TREVOSE | Pennsylvania – May 2024 – The promotional products industry could be poised for a significant boost if the U.S. Drug Enforcement Administration (DEA) follows through on its plan to reclassify marijuana as a less dangerous substance, according to a report by Christopher Ruvo of Advertising Specialty Institute (ASI).
Currently, cannabis remains illegal on the federal level despite 24 states and Washington, D.C. legalizing recreational use for adults. This Schedule I classification hinders cannabis businesses by preventing them from deducting normal business expenses on federal tax returns.
Potential Tax Relief Could Lead to Increased Marketing Budgets
If reclassified to Schedule III, cannabis companies would be able to deduct expenses like rent and payroll, potentially freeing up significant capital. Industry insiders believe a portion of this newfound cash could be directed towards promotional products.
“The implications of rescheduling for promo distributors would be huge,” says Justin Herman, president of OnPoint Promotions, a distributor that generates roughly half its business with cannabis clients, as reported by Ruvo in ASI. “If cannabis companies can take federal tax deductions, they can write off marketing expenses. It will also free up cash to use for further marketing promotions and campaigns.”
Increased Competition Could Drive Demand for Branding
Herman anticipates his current cannabis clients, along with others in the industry, will utilize these additional resources to invest in merchandise that helps them stand out in a crowded marketplace.
“Differentiating your brand from the competition in the cannabis space is very important,” Herman explains. “It stands to reason that rescheduling will increase the budgets these companies will have in the future for promo and apparel items.”

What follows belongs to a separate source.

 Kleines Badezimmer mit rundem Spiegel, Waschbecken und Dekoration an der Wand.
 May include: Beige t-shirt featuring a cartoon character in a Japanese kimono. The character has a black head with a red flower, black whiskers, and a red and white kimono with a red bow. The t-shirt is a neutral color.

Long-Term Growth Expected, Experts Advise Patience
While Andrew Nunes, president of CB Disco, another distributor with experience in the cannabis industry, agrees that rescheduling would ultimately benefit promotional products companies, he cautions against immediate expectations, as reported by Ruvo.
“Over time, cannabis businesses could have some additional capital for their marketing budgets,” Nunes says. “I think this change will take years. There are so many investors in the market still trying to get their return on their initial investments.”

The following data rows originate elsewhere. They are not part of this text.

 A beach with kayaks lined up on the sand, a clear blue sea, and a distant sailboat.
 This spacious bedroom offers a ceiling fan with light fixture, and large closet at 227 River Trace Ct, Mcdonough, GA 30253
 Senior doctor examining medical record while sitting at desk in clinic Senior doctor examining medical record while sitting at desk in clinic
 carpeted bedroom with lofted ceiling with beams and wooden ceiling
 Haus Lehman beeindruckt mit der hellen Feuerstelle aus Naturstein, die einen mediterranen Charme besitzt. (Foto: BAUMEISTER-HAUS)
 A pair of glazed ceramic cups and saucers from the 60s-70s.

Banking Hurdles Remain a Challenge
Even with reclassification, cannabis businesses will likely continue to face difficulties accessing traditional banking services due to federal regulations. The SAFER Banking Act, which aims to address this issue, has yet to pass Congress.
A Positive Outlook for the Future
Despite these remaining hurdles, the potential for federal rescheduling of cannabis is seen as a positive development for the promotional products industry. Increased marketing budgets and a growing cannabis market could create significant opportunities for promo distributors in the years to come.